We have previously shown in our laboratory that TCPOBOP is able to decrease both HDL and LDL cholesterol in mice.12 However, these effects were monitored over short periods of treatment in wild-type (WT) and human apoA-I transgenic mice, which, unlike humans, normally present only moderate levels of apoB-containing lipoproteins. The results of the present study demonstrate that treatment with the Car agonist TCPOBOP has the potential to decrease circulating levels of apoB-containing lipoproteins and to reduce the development of atherosclerotic lesions in the long term in Ldlr−/− mice. The beneficial effects on the lipoprotein profile are related to a decreased secretion of TG-rich lipoproteins and to an increased clearance of cholesterol-rich/apoB-containing lipoproteins, whereas the early effect on HDL level is only transient. The Car-mediated induction of the Vldlr probably accounts, at least in part, for the observed phenotype because the effects of TCPOBOP are markedly attenuated in ApoE−/− mice that lack this physiological ligand for the Vldlr.
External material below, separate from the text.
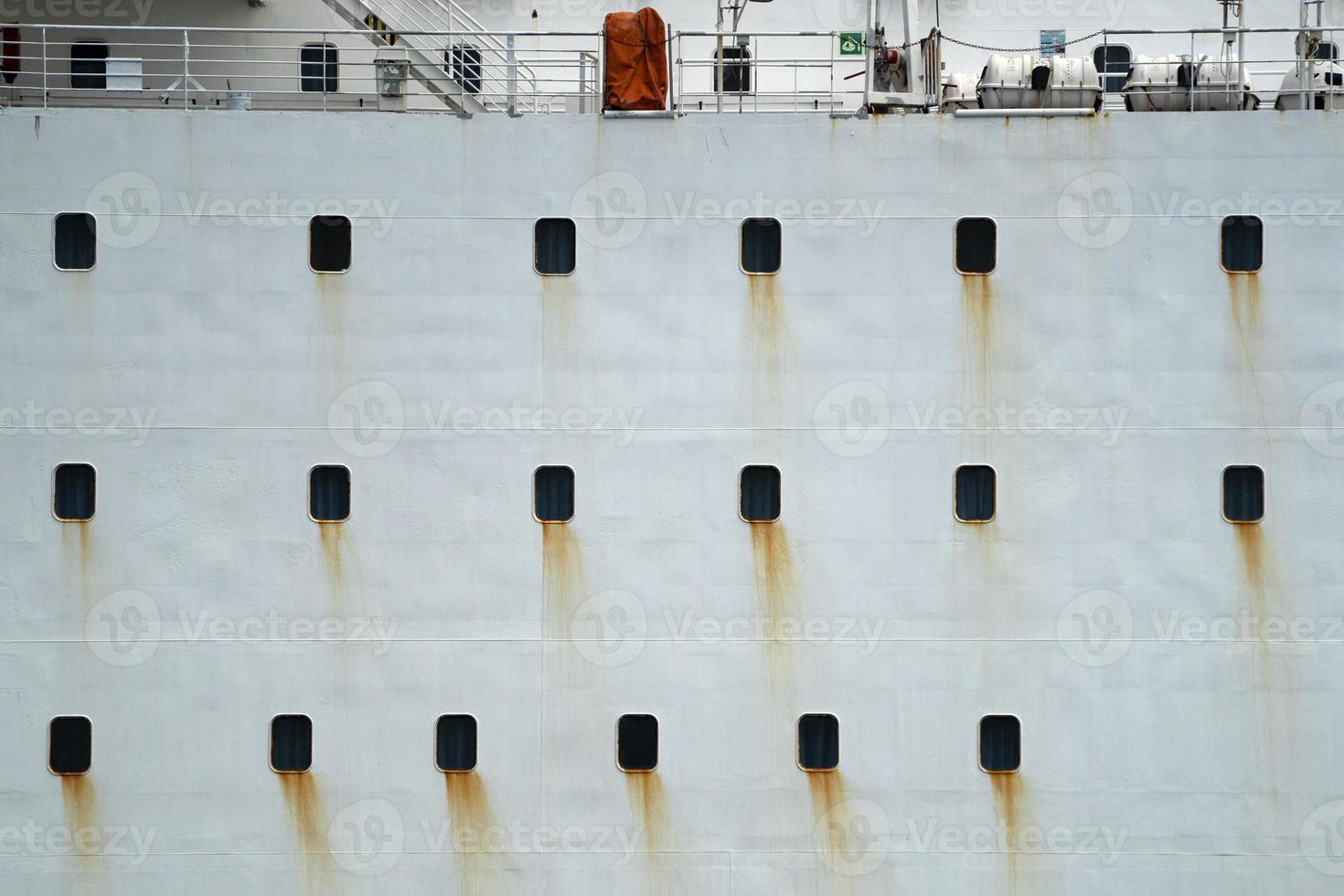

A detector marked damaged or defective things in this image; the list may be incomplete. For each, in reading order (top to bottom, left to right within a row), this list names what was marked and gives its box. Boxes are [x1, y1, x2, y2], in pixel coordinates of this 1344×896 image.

CAR was initially described as a xenobiotic sensor that regulates genes involved in the detoxification and elimination of potentially harmful exogenous molecules. However, recent studies have underlined its role in the metabolism of endogenous molecules, including bile acids, cholesterol, and TGs.6,10,12 As observed in a recent study from our group,12 acute treatment of WT and human apoA-I transgenic mice with a Car agonist decreased HDL cholesterol and apoA-I, and it also reduced LDL cholesterol levels. We chose here to use Ldlr−/− mice fed a Western-type diet to assess the effects of Car activation on both lipoprotein metabolism and atherosclerotic lesions over a longer/2-month period. Ldlr−/− mice display high levels of apoB-containing lipoproteins and are highly susceptible to diet-induced atherosclerosis. As previously described, 5 days of treatment with the Car agonist produced a marked reduction in total plasma cholesterol levels that was related to a decrease in all lipoprotein classes, including VLDL, LDL, and HDL. A reduction in plasma TG levels was also observed. A consistent but slightly different picture was observed after longer periods of treatment. Whereas VLDL and HDL cholesterol levels were no longer reduced, ≈30% reductions in LDL cholesterol and plasma TG levels were still observed at weeks 4 and 8. These results clearly show that Car activation can exert 2 kinds of effects. On the one hand, acute effects on HDL and VLDL are only transient and disappear after a few weeks of treatment, suggesting the existence of compensatory mechanisms that antagonize Car activity. On the other hand, reductions in LDL cholesterol and TG levels were observed at every time point and might be mediated by distinct, Car-specific mechanisms.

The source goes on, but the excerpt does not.